#### Work item
Once you find the line with "Pizza Hut vs." in the data below, transcribe exactly each line from there to the line with "เครื่องเป่าลมร้อน SUGON 2020D", inclusive, and nothing else. Drop the pictures.

#### Dataset records
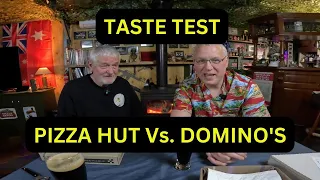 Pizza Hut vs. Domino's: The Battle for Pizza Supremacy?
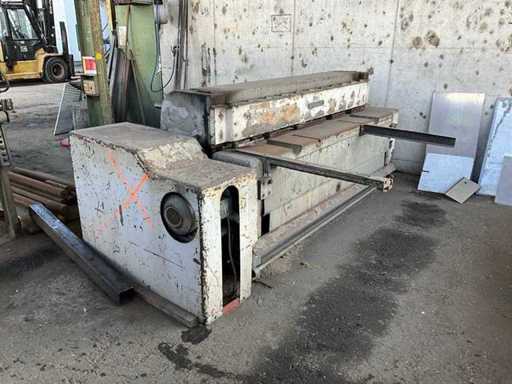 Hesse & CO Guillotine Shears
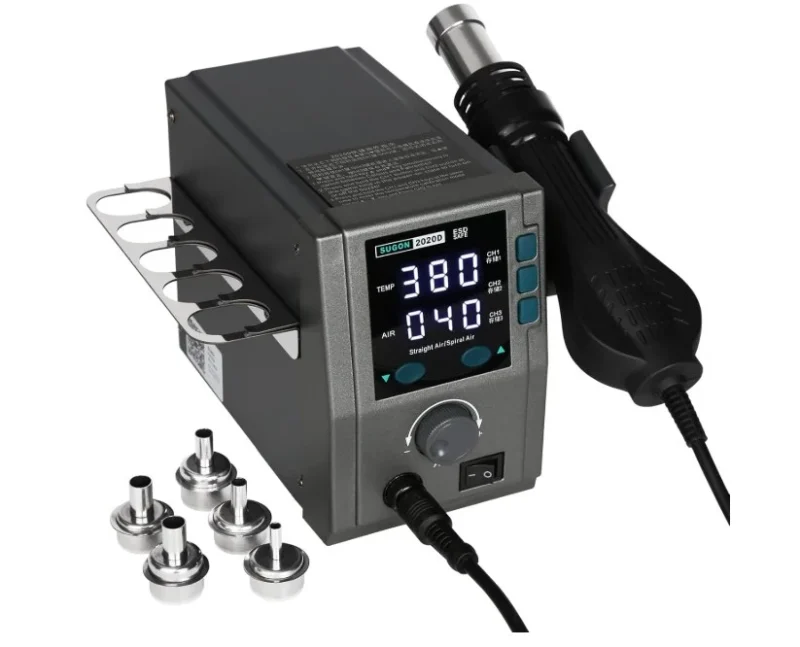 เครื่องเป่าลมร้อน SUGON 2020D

--

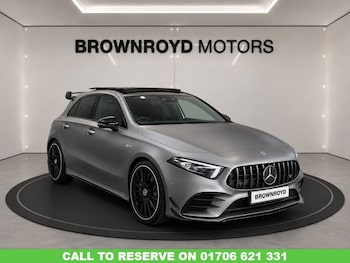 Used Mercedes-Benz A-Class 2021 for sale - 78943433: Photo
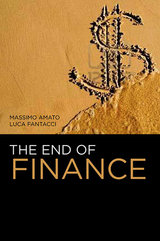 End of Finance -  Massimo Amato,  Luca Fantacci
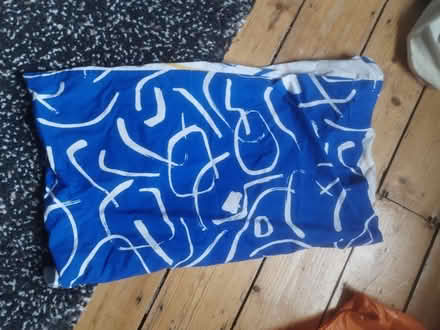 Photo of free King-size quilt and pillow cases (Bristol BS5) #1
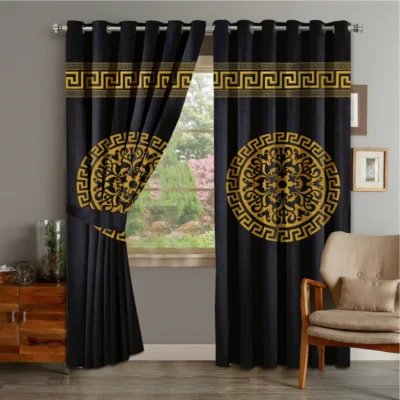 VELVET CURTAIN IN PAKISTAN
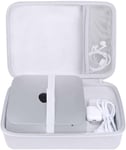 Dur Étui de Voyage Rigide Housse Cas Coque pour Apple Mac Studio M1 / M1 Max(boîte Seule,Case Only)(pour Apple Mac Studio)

--

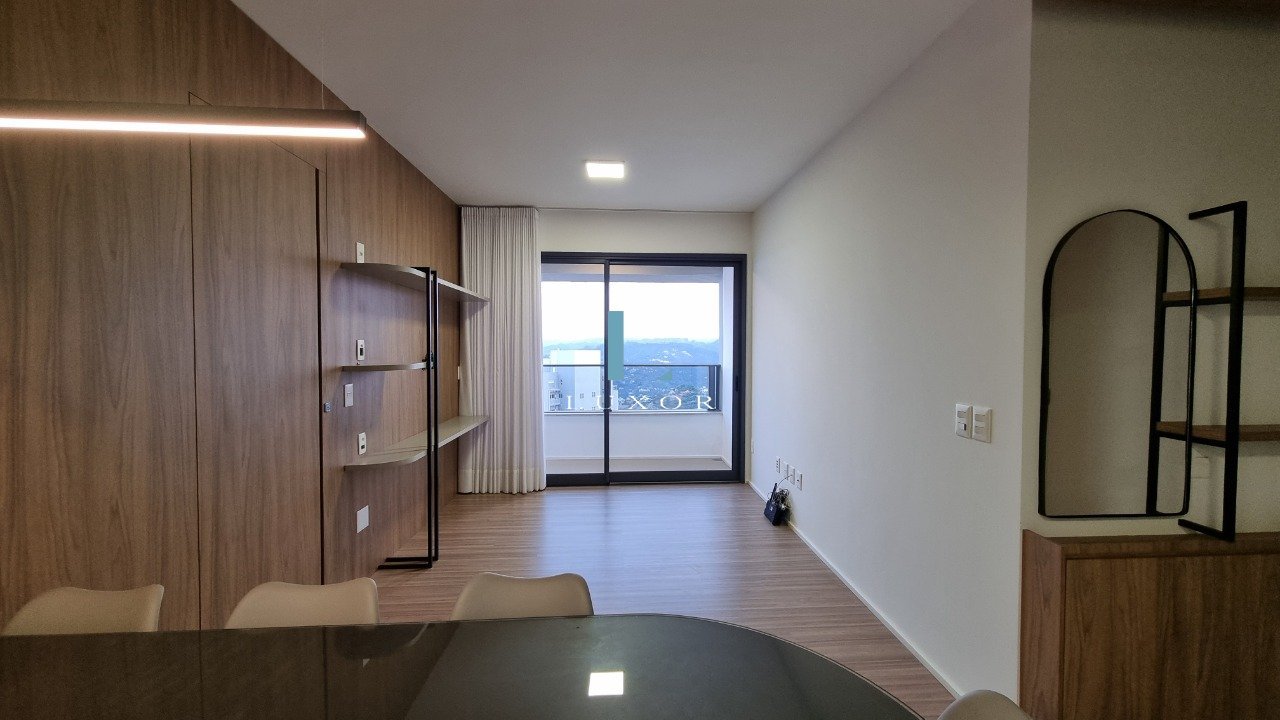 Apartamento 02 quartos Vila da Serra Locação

#### Result for this task
 Pizza Hut vs. Domino's: The Battle for Pizza Supremacy?
 Hesse & CO Guillotine Shears
 เครื่องเป่าลมร้อน SUGON 2020D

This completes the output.